To discover the concepts learned by the model, we adapt the sparse autoencoder (SAE) approach as described by 4.
The Sparse Autoencoders (SAEs) proposed by 4 consist of a linear encoder \(f(\cdot)\) with weights \(\vec W_{E}\in\mathbb R^{d\times h}\), a ReLU non-linearity \(\phi\), and a linear decoder \(g(\cdot)\) with weights \(\vec W_D\in\mathbb R^{h\times d}\). For a given input \(\vec a\), the SAE computes:
\[ \begin{align} \text{SAE}(\vec a) = (g \circ \phi \circ f) (\vec a) = \vec W_D^T\;\phi\left(\vec W_E^T \vec a\right)\;. \end{align} \]Importantly, the hidden representation \(f(\vec a)\) is of significantly higher dimensionality than the CLIP embedding space (i.e., \(h\gg d\)), but optimised to activate only very sparsely.

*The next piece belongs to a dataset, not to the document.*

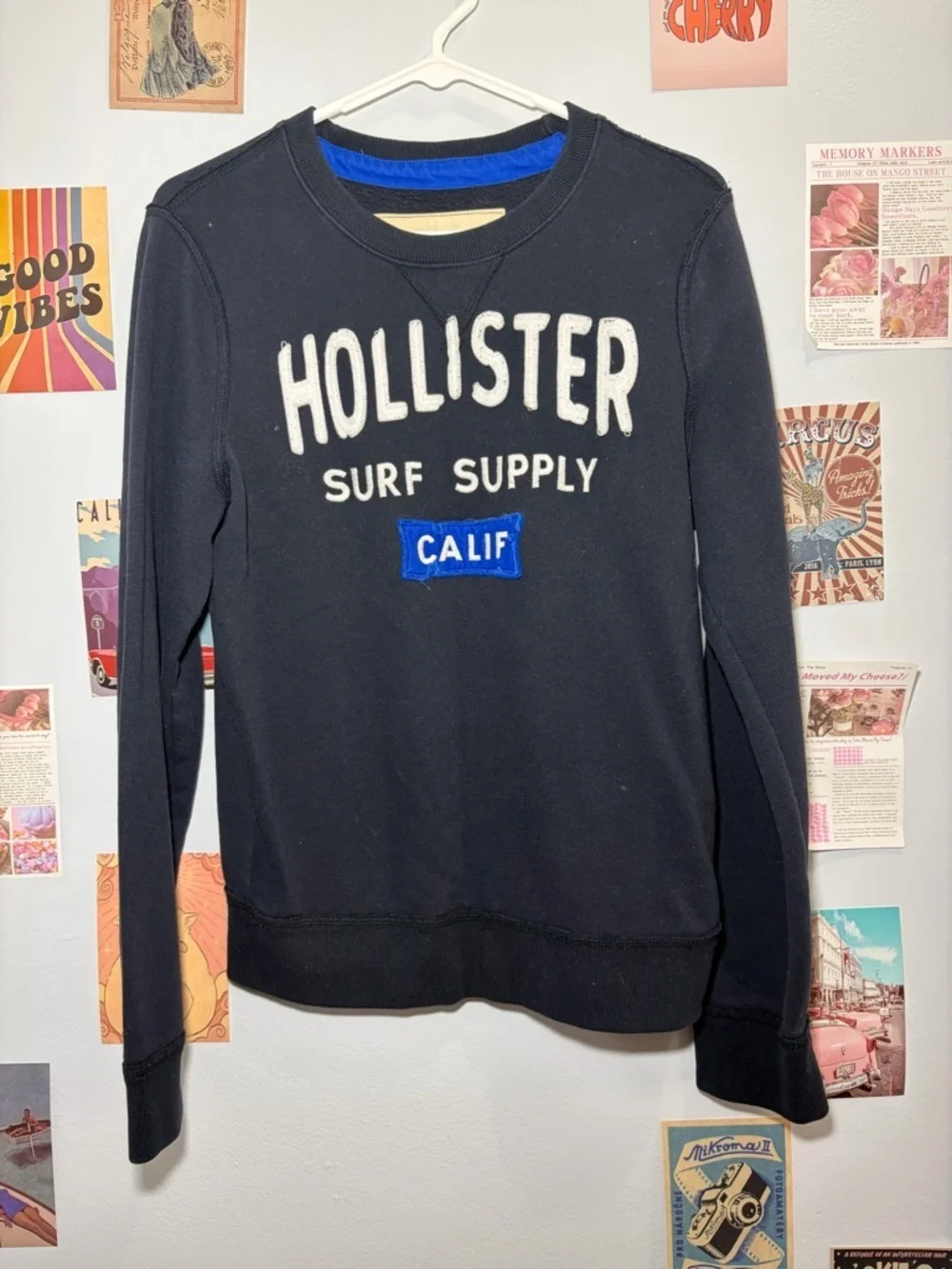 Hollister Black Crewneck Sweatshirt with White Logo and Blue Patch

Specifically, the SAE is trained with an \(L_2\) reconstruction loss, as well as an \(L_1\) sparsity regularisation:
\[ \begin{align} \mathcal L_\text{SAE}(\vec a) = \lVert\text{SAE}(\vec a) - \vec a\rVert^2_2 + \lambda_1 \lVert \phi(f(\vec a))\rVert_1 \end{align} \]with \(\lambda_1\) a hyperparameter. To discover a diverse set of concepts for usage in downstream tasks, we train the SAE on a large dataset \(\mathcal{D}_\text{extract}\); given the reconstruction objective, no labels for this dataset are required.
Once we trained the SAE, we automatically name the individual feature dimensions in the hidden representation of the SAE. For this, we use a large vocabulary \(\mathcal{V}=\{v_1,v_2,\dots\}\) of English words, which we embed via the CLIP text encoder \(\mathcal T\) to obtain word embeddings \(\mathcal E=\{\vec e_1, \vec e_2, \dots\}\).

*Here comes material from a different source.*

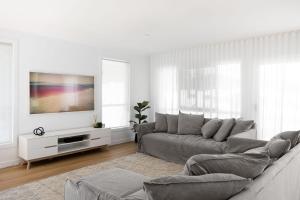 sala de estar blanca con sofá y TV en Amiri on Holbrook - Pet Friendly, en Yaroomba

To name the SAE’s hidden features, we propose to leverage the fact that each of the SAE neurons \(c\) is assigned a specific dictionary vector \(\vec p_c\), corresponding to a column of the decoder weight matrix:
\[ \begin{align} \vec p_c = [\vec W_D]_c \in \mathbb R^{d}\;. \end{align} \]If the SAE indeed succeeds to decompose image representations given by CLIP into individual concepts, we expect the \(\vec p_c\) to resemble the embeddings of particular words that CLIP has learnt to expect in a corresponding image caption.
Hence, to name the ‘concept’ neuron \(c\) of the SAE, we propose to assign it the word \(s_c\) of the closest text embedding in \(\mathcal E\):
\[ \begin{equation} s_c = \arg\min_{v \in \mathcal{V}} \;\left[\cos\left(\vec p_c,\mathcal{T}(v)\right) \right]\;. \end{equation} \]Note that this setting is equivalent to using the SAE to reconstruct a CLIP feature when only the concept to be named is present. As CLIP was trained to optimise cosine similarities between text and image embeddings, using the cosine similarity to assign names to concept nodes is a natural choice in this context.

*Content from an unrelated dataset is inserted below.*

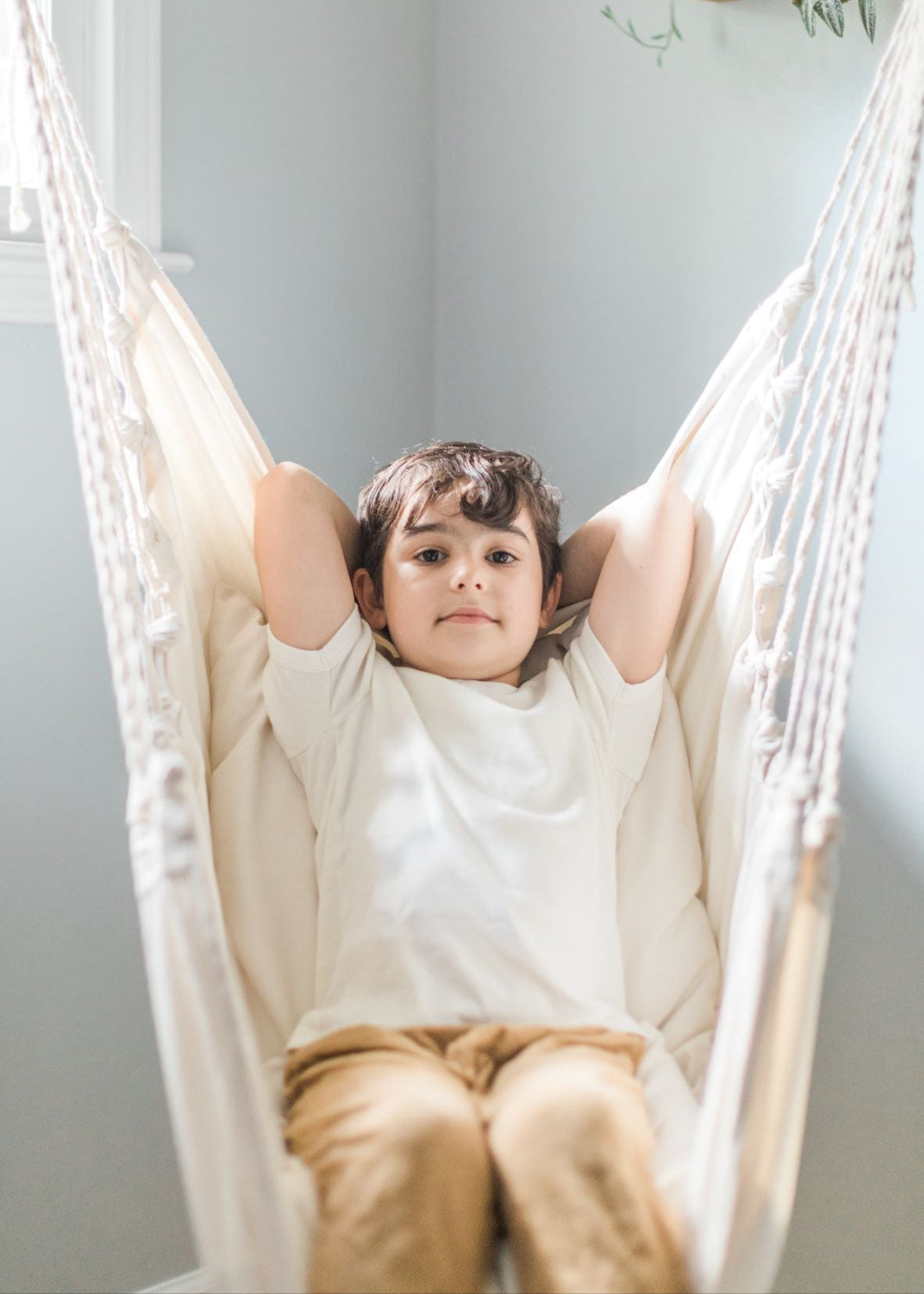 Child sitting in a white hammock against a light gray wall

Thus far, we trained an SAE to obtain sparse representations, and named individual ’neurons’ by leveraging the similarity between dictionary vectors \(\vec p_c\) to word embeddings obtained via CLIP’s text encoder \(\mathcal T\).
Such a sparse decomposition into named ‘concepts’ constitutes the ideal starting point for constructing interpretable CBMs for a given labelled dataset \(\mathcal D_\text{probe}\), we can now train a linear transformation \(h(\cdot)\) on the SAE’s sparse concept activations, yielding our CBM \(t(\cdot)\):
\[ \begin{align} t(\vec x_i) = (\underbrace{h}_\text{Probe} \circ \;\underbrace{\phi \circ f}_\text{SAE} \; \circ \underbrace{\mathcal I}_\text{CLIP}) (\vec x_i)\;. \end{align} \]Here, \(\vec x_i\) denotes an image from the probe dataset. The probe is trained using the cross-entropy loss, and to increase the interpretability of the resulting CBM classifier, we additionally apply a sparsity loss to the probe weights:
\[ \begin{align} \mathcal L_\text{probe}(\vec x_i) = \text{CE}\left(t(\vec x_i), y_i\right)+ \lambda_2 \lVert\omega\rVert_1 \end{align} \]where, \(\lambda_2\) is a hyperparameter, \(y_i\) the ground truth label of \(\vec x_i\) in the probe dataset, and \(\omega\) denotes the parameters of the linear probe.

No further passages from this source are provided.